Dabei ist gerade die Markthalle eine kulinarische Kathedrale. Köche kaufen Seehecht, Wolfsbarsch, Doraden und anderes Meeresgetier. Frisch gefangen und noch erstaunt über den eigenen Tod, liegen die Fische appetitlich glitzernd auf den Verkaufstheken. Daneben Stände mit Hühnerköpfen, Melonen und Schmalzgebäck, Schweinehintern und Mandeltörtchen. Über allem schwingen sich Jugendstil-Ornamente einer fast moscheenhaften Architektur. Am Ausgang der Markthalle steht der Verkäufer für Kochutensilien. Seine größte Paella-Pfanne misst eineinhalb Meter Durchmesser und kann ein kleines Fußballstadion versorgen.

Francisco in El Palmar serviert die Paella im klassischen Kleinfamilienformat. „So muss eine authentische Paella aussehen!“ Als einziges Entgegenkommen an den Zeitgeist duldet er etwas Ente statt Huhn. Und schon reden wir über die Seele der Paella: das Socarrat. Spanier können sich stundenlang darüber unterhalten. Es geht um die am Pfannenboden angesetzte Kruste mit ihrem unwiderstehlichen Geschmack. Socarrat darf nie verbrannt schmecken, er darf auch nicht zu trocken sein. Er muss gerade so angeknuspert sein, also leicht angesetzt, dass er mit kräftigem Armeinsatz abgekratzt werden kann. Wie Goldsucher tauchen diese auf den Pfannenboden und häufeln sich die gebräunten Reiskonglomerate auf den Teller.

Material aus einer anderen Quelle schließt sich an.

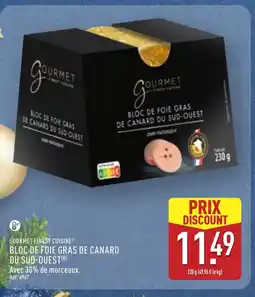 ALDI GOURMET FINEST CUISINE Bloc de foie gras de canard du sud-ouest offre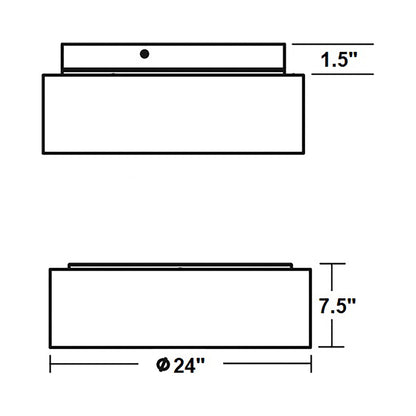 Anton LED Flush Mount Ceiling Light - line drawing.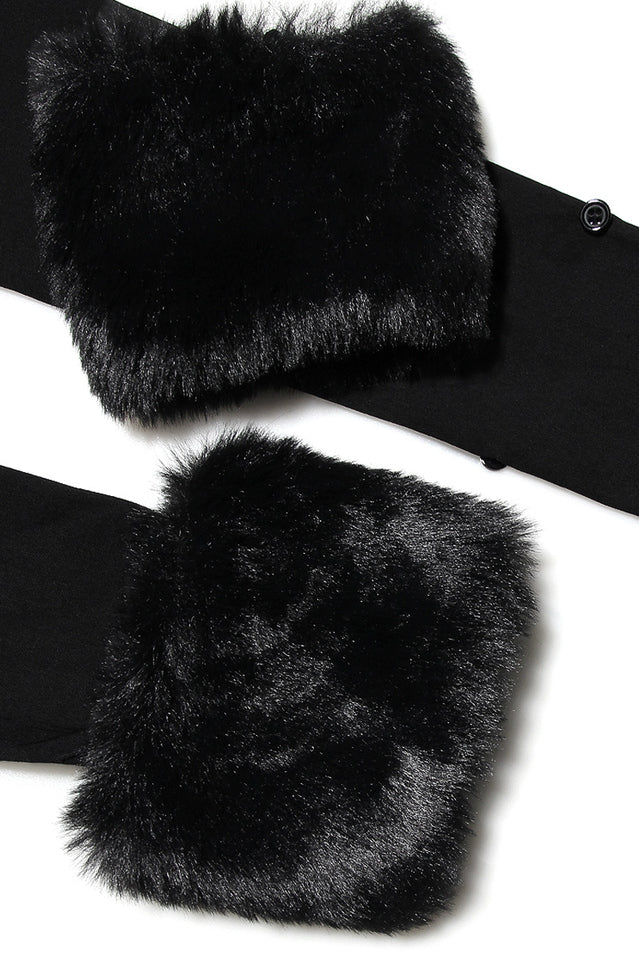 Black Faux Fur Trimmed Bustiyer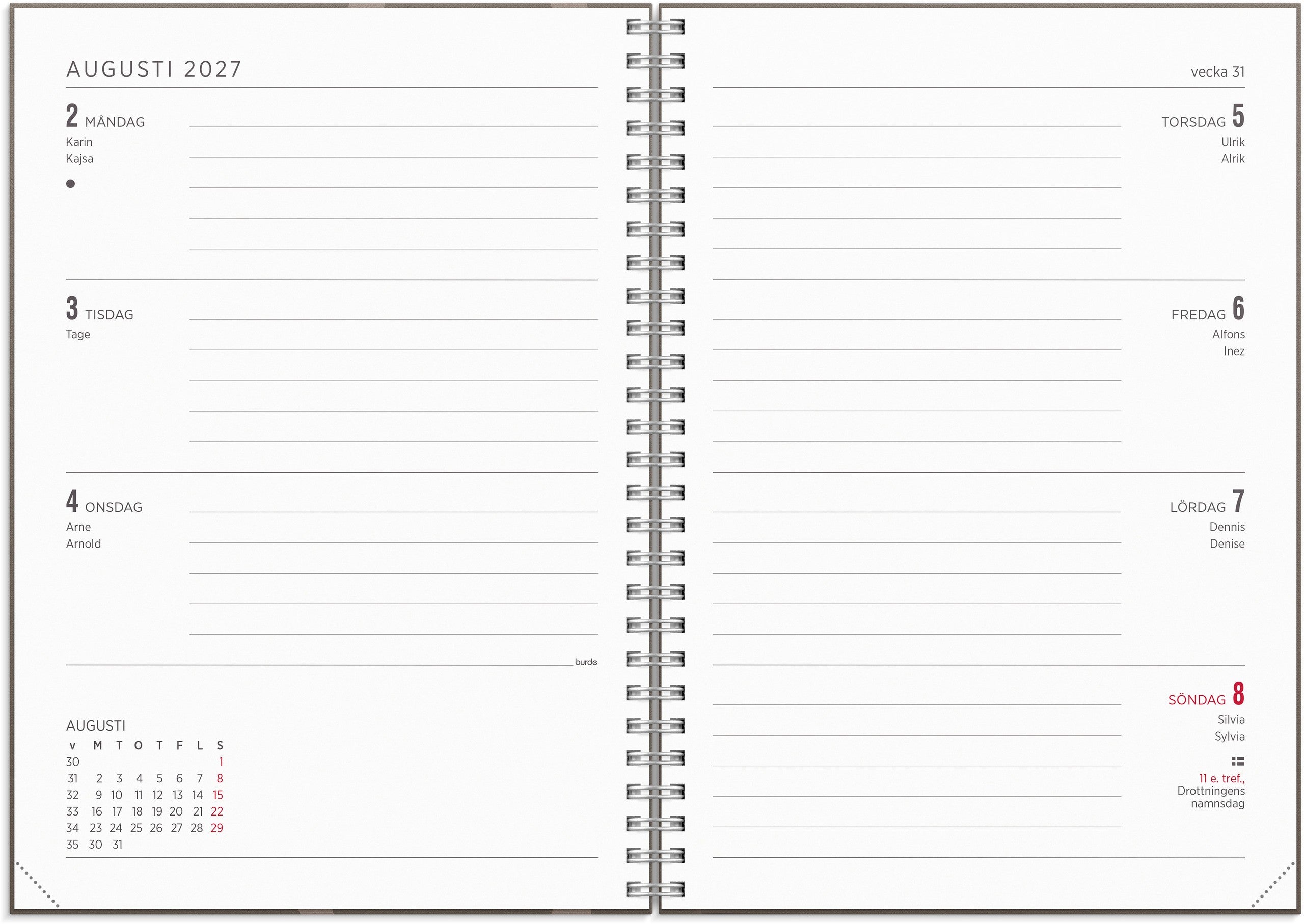 Kalender 2027 Senator A5 Story brun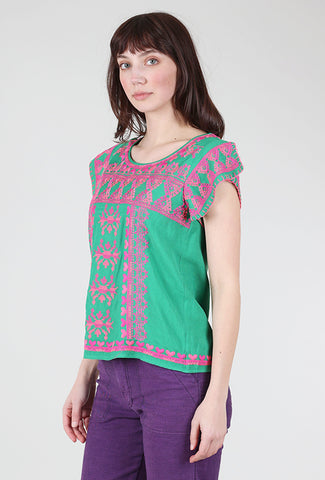 THML Embroidered Maddie Top, Green/Pink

Aber wie schafft es Francisco, die Pfanne genau dann vom Herd zu ziehen, ohne dass sie anbrennt, der Reis trocken wird oder die Paella noch so suppig ist, dass am Boden nichts passiert? Der Koch fasst sich an die Ohrläppchen: Er koche mit den Ohren. Die sehen alles! Francisco horcht an der Pfanne und erkennt am Flüstern des Reiskorns den Aggregatzustand. „Es muss anfangen, ein wenig zu knistern, aber nicht zu viel“, sagt er. Auf keinen Fall umrühren!

Und noch eins: Was ist eigentlich mit dem Safran? Warum wird über die Gewürzfäden, die Farbe ins Spiel bringen, so selten geredet? Weil Safran meist durch Farbstoffe ersetzt wird. Francisco redet auch über dieses heikle Thema ganz offen. „Die Leute wollen goldgelbe Paellas, das können ein paar Safranfäden nicht schaffen.“ Um den gewünschten Farbeindruck zu erzielen, sagt er, müsste man so viel Safran zugeben, dass es erstens teuer wird und sich zweitens der Geschmack verändert. Das Täuschungsmanöver durch ein wenig „Colorante“ ist für die meisten spanischen Köche die Regel. Sie haben keine Angst vor Chemie, sie fürchten eher, es könnte herauskommen, dass die Männerdomäne des Paellakochens längst von Frauen erobert ist.